Abbey became director of Flight Operations at Johnson in 1976, where he led the operational planning and management of flight control and crew activities. In that role, he led the selection committee for the first group of space shuttle astronauts. More than 8,000 applied for the opportunity, and under Abbey’s leadership the committee whittled the number of applicants to 35, known as the “Thirty-Five New Guys.” For the first time, the new astronaut candidate class reflected the United States’ diversity, with six women and four minority candidates. Abbey’s guidance continued to prove invaluable during the early operational years of the Space Shuttle Program. From 1981-1986, the United States witnessed many firsts for the space program – the launch and safe return of the first reusable spacecraft, Space Shuttle Columbia, an American woman and an African American in space, and increasingly complicated satellite retrieval and repair missions.
Abbey moved to NASA Headquarters in 1988 to serve as the deputy associate administrator for space flight, and was later named both as the National Space Council’s senior director for civil space policy and special assistant to the NASA administrator. He played an important part in negotiating a partnership between NASA and the Russian Space Agency that led to an agreement to work together on what would become the Shuttle-Mir Program, also known as Phase I of the International Space Station Program. Abbey was instrumental in restructuring the International Space Station after Space Station Freedom and his efforts led to a vibrant ISS Program which recently celebrated 20 continuous years of habitation.
After returning to Johnson in 1994 as deputy to the first female center director, Carolyn L. Huntoon, and Abbey became center director himself in January 1996. As director, he sought new ways to engage with the Houston community, and reached an agreement to open 53 acres of Johnson’s pastureland adjacent to Rocket Park to the Clear Creek Independent School District and Houston Livestock Show and Rodeo for a “hands-on” agricultural education facility known as the Longhorn Project.
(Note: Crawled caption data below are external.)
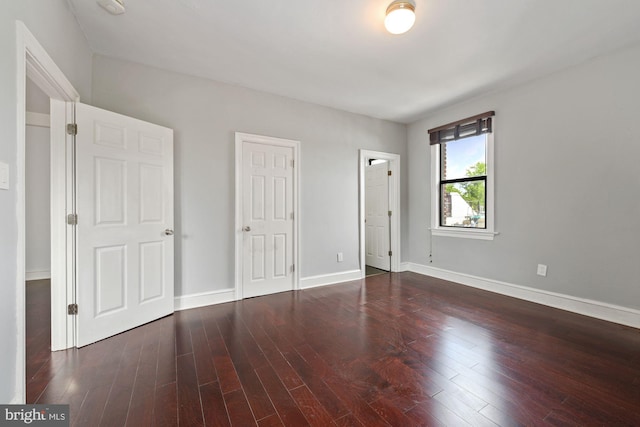 unfurnished bedroom featuring dark hardwood / wood-style floors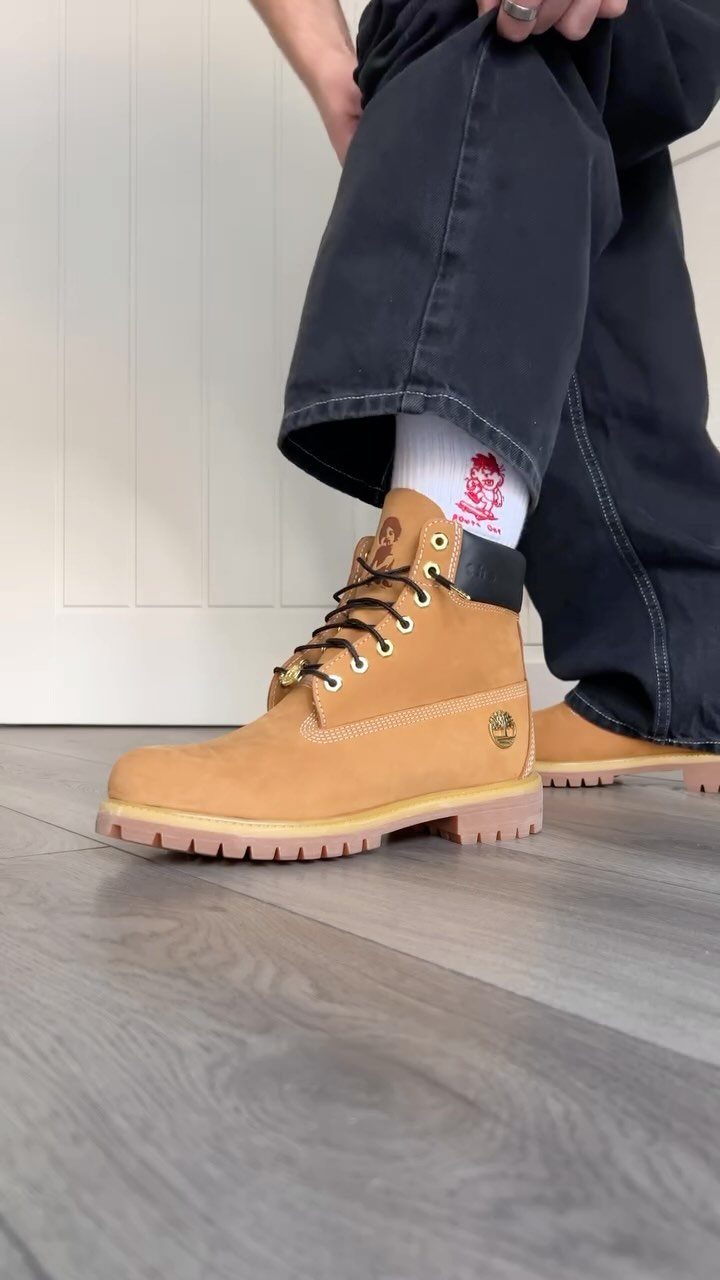 Tan leather work boots worn with black trousers on a grey wooden floor.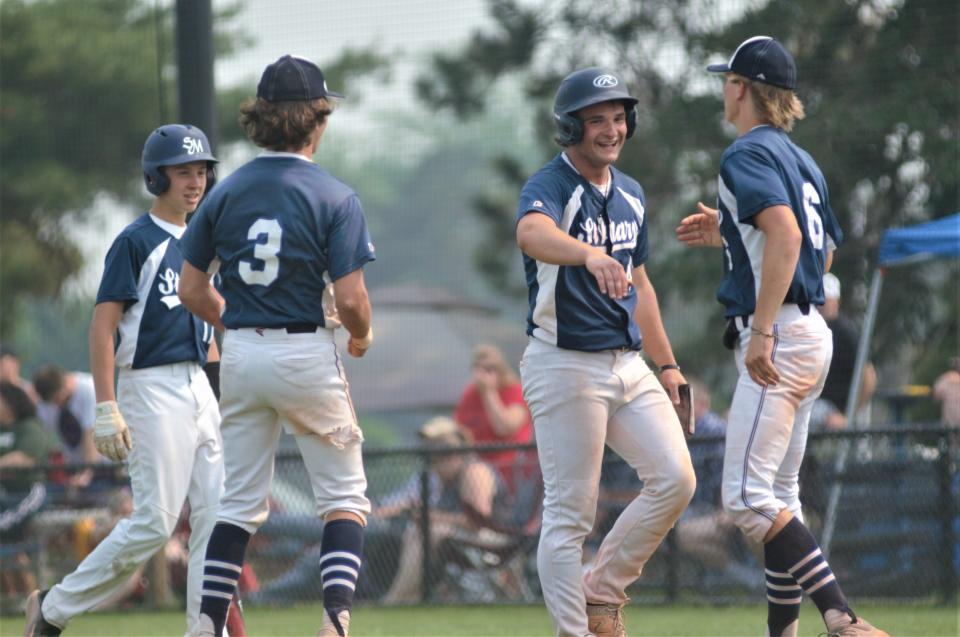 Gaylord St. Mary's celebrates Dillon Croff's go-ahead run during an MHSAA Division 4 district final between Gaylord St. Mary and Johannesburg-Lewiston on Saturday, June 3 in Gaylord, Mich.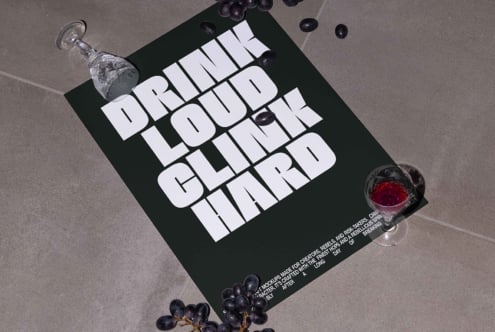 Typography poster design featuring bold white lettering on a dark background with scattered grapes and wine glasses. Perfect for templates and mockups.
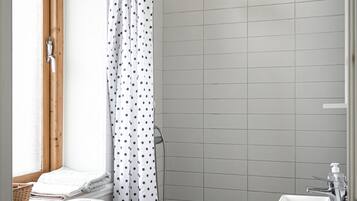A bathroom with a toilet, a shower with a white curtain, a sink, and a window with a wooden frame.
The facility offers students the opportunity to learn more about longhorns and agriculture.
Abbey led Johnson until February 2001, and ended his NASA career in January 2003.
George W.S. Abbey Rocket Park allows dreamers and space flight enthusiasts to stand beside history and is a place of wonder for visitors from all over the world through Space Center Houston, Johnson’s official visitor center.